AlexeyAB · 2018-02-25T13:26:29Z

@VanitarNordic There are positive and negative points here for each case: #232 (comment)

original Darknet: (+) keep aspect ratio, (-) has the smallest size of object - this further worsens the detection of small objects
OpenCV-dnn-Yolo: (+) keep aspect ratio, (-) removes part of the image - you will not be able to detect objects at the edges of the image
this Darknet repo: (+) object has the biggest size, (-) does not keep aspect ratio - If the sizes of the images in training and detection datasets are very different, then the accuracy will be reduced

Because I train my models on training dataset with the same image size (1280x720 or 1920x1080) as sizes of detection dataset, then I shouldn't keep aspect ratio, so for me the best option is to use this Darknet repository with the maximum object size.

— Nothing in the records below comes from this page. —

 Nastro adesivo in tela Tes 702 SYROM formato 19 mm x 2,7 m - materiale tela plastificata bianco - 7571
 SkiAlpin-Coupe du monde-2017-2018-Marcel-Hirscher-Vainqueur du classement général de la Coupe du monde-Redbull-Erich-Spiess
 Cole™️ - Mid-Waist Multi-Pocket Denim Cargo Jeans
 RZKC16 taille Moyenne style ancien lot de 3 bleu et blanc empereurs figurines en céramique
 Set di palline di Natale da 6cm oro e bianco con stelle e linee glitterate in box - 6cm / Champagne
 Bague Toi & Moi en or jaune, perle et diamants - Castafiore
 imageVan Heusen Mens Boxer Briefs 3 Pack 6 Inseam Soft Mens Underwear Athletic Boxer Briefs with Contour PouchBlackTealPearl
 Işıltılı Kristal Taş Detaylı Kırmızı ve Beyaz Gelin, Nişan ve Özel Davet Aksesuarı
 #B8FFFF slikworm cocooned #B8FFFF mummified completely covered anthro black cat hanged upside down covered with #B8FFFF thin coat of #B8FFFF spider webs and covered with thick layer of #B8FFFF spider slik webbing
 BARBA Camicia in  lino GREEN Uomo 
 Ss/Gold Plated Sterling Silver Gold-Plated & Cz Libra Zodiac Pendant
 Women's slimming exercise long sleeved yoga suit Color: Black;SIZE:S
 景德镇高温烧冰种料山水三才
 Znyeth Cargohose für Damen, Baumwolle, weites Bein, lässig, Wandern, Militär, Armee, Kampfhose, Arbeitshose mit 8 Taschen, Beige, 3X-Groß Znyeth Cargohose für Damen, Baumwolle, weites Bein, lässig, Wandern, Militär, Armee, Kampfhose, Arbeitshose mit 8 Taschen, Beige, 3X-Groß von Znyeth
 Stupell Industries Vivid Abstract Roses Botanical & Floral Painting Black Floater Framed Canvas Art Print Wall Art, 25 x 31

MyVanitar · 2018-02-25T13:35:18Z

Okay, therefore this Darknet Repo does not keep the aspect ratio. I think it is the same with SSD.
if I pad the image to build a correct fraction or multiplication of 416, then is it good (for this repo)?

AlexeyAB · 2018-02-25T14:17:30Z

@VanitarNordic

if I pad the image to build a correct fraction or multiplication of 416, then is it good (for this repo)?

Do you mean, that you will do as in original Darknet, but by yourself? It will keep aspect ratio, but you will have the smallest size of object. If you have small object - then this is bad idea. But if you have big objects, but all your images has different size - then this is good idea.

MyVanitar · 2018-02-25T14:43:50Z

Do you mean, that you will do as in original Darknet, but by yourself?

By doing it myself outside before starting the training, You said this repo does not keep the aspect ratio, therefore I want to do the padding outside to make a correct fraction or multiplication of 416 for all images, by the padding method. Therefore even if the network does not keep the aspect ratio, but because of the correct numbers, then the object will not have un-normal shapes.

saihv · 2018-02-26T03:37:34Z

@AlexeyAB

Thanks a lot for the detailed reply! I will note your suggestions. Replies:

Did you get IoU using darknet map or darknet recall command?

I used darknet recall. But the 50% IoU I mentioned was on the test dataset, not validation. Validation IoU (the last line in the output) was about 65% IIRC.

What width= height= params do you use in the cfg-file?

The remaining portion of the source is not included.